Fabricating rifle stocks

Man, I used to build fibreglass boats for a living, and dabbled in some other stuff for ####s and giggles, it is NOT as cheap and easy as it looks.

How do you want the stock to look in the end? what are you after that you think 'glass will provide?

You could do as others have suggested and mock up the stock to fit you, then lay some carbon fiber mat overtop(which is hella expensive BTW), or paint it. Regular glass will not provide you with a signifigant weight savings over wood. It will probably weigh more. Not to mention the cost in time, labor and material, a lot of which will be wasted as you build experience.

Hope this helps, just my .02 ducats.
 
Take orig stock and build up to fit you. Shape the way you want the fiberglass stock to look. Exterior finish to the quality you want the FG stock to look (or at least before you finish).

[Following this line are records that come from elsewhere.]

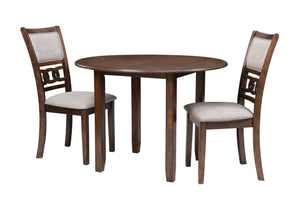 The small space friendly Gia Drop Leaf Dining Table and Chair Set has two 8" drop down leaves that transform this dining table from a 42" round dining set to 24" wide, fitting into compact spaces with ease. The dining table and chair legs are crafted of s
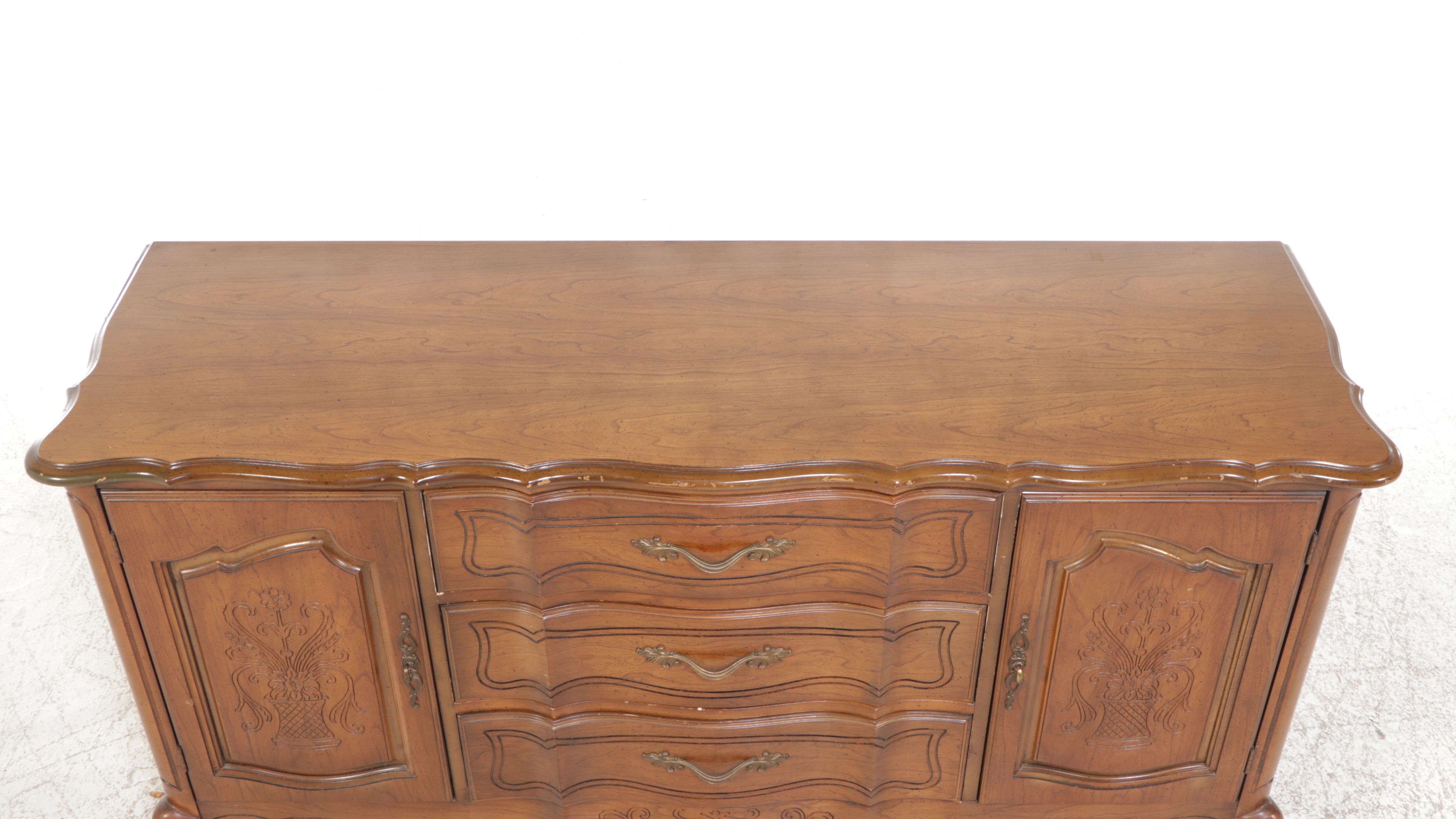 Pogue's Fine Furniture French Provincial Style Walnut Sideboard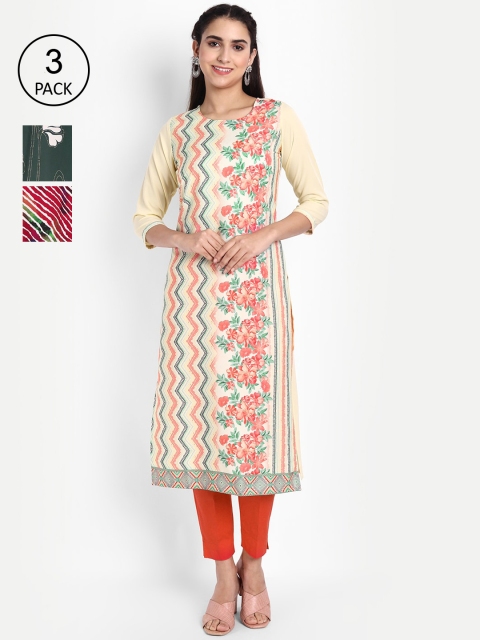 

Ethnic basket Women Pack of 3 Ethnic Motifs Printed Crepe Kurta, Yellow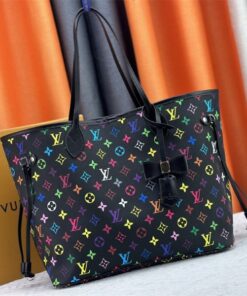 Alternative view of Louis Vuitton X TM Multicolored Neverfull MM In Black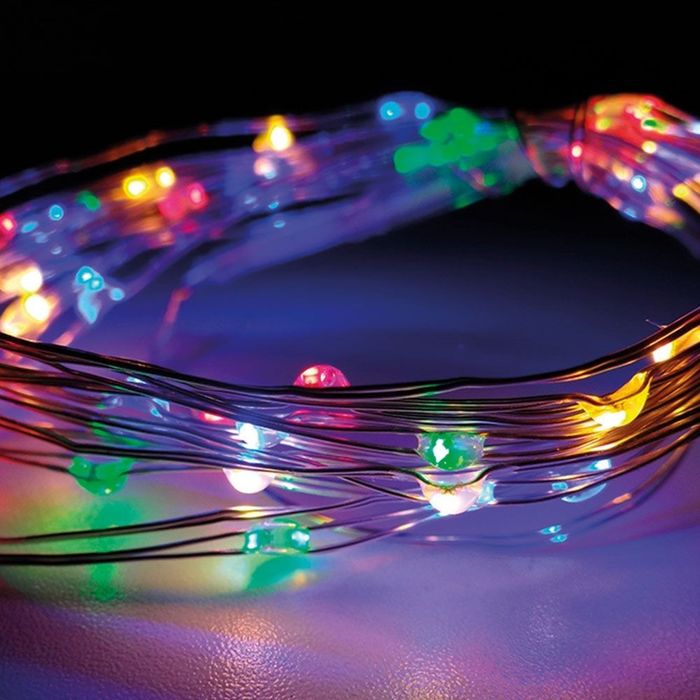 Guirlanda a pilhas, função fixa, 40leds, cabo de fio prateado, luz multicor, 195cm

Make a holding tray so that the stock fits 1/2 way when lying on its side. You will need to cut out the silhouette of the stock out of the tray. Use arborite as the tray top as it is nice and smooth and allows for easy mold separation.

With the stock will supported in this tray, seal the gaps around the stock with clay. You want this to be sealed and flush. Apply mold release. Apply gel coat over the stock and 2" around the perimeter. Let it set up.

Start layering cloth and build up about 10 layers of mat and cloth (heavy). You are building the female mold half and you want this to be very rigid. You can glass in strips of wood on top and along the flange to help with rigidity. Extend about 1 to 2" beyond stock to form a flange.

Once all is cured. Pop the mold off the tray while still attached to the stock. Clean off all that clay.

Flip over, support mold side down, apply mold release, repeat above on the exposed side. Let cure, drill indexing holes around the perimeter. Pop halves apart, clean edges. You now have a female mold set for your stock.

Support halves, lay up cloth, either let cure and trim or reassemble halves when things tack up. Lay tape in the seam. Build in the action area, inlet, finish stock.

Big work for a one off...

Jerry
 
Okay, yeah, that does sound like a lot of work. :)

Once you have a mold, how hard is it to cast a stock? I take it then that you can't really mold in the inletting?

It sounds like the fibreglass end of thing is pretty much covered. Since it sounds like I'm going to need to build up the original stock one way or the other, what kind of methods do you all recommend for that?
 
Mould release (Canajan spellin' eh?)

Although I haven't tried it, I keep seeing postings on the Interweb that Pam cooking spray is a good mould release. And there is more Pam in circulation than Brownells's blue mold (US spelling) release goop.